Tra i 220 vi è il grillino Rizzone, di cui ho letto le scuse per aver chiesto ed ottenuto il bonus. L'on. Rizzone potrà anche restituire il denaro percepito secondo legge, se ciò è di sollievo alla sua coscienza, ma non potrà mai cancellare quel voto contrario con cui, mentre lui otteneva il bonus di cui forse non aveva bisogno, ne impediva la fruizione a migliaia di cittadini elettori, tra cui proprio i caregiver familiari che ne avevano bisogno, tanto più nel periodo di lockdown. Dunque il tema su cui riflettere non è il Rizzone di turno che pur legalmente ha ottenuto il bonus a scapito di altri che forse ne avevano reale necessità, ma il voto espresso dal Rizzone di turno che, mentre chiedeva per sé, negava ad altri e, casualmente, quegli "altri" sono coloro che hanno in famiglia un congiunto con disabilità grave, fattore questo di impoverimento del nucleo familiare.

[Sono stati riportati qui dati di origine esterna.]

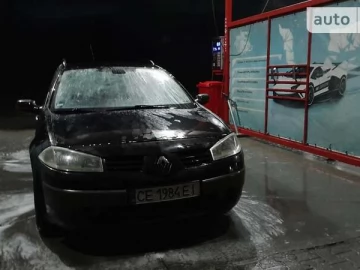 Авто Renault Megane 2004 № 7687868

In questa riflessione etica e politica, però, non possiamo consentire che fatti come quello accaduto possano alimentare un sentimento anticasta che facendo di tutta un'erba un fascio tiri la volata, in modo improprio, al taglio lineare dei parlamentari. Non è tagliando la rappresentanza parlamentare che 60 milioni di italiani avranno la certezza che 600 parlamentari al posto di 945 non replicheranno l'accaduto. Non è il titolo di onorevole che qualifica la persona, ma i suoi comportamenti nella vita di tutti i giorni.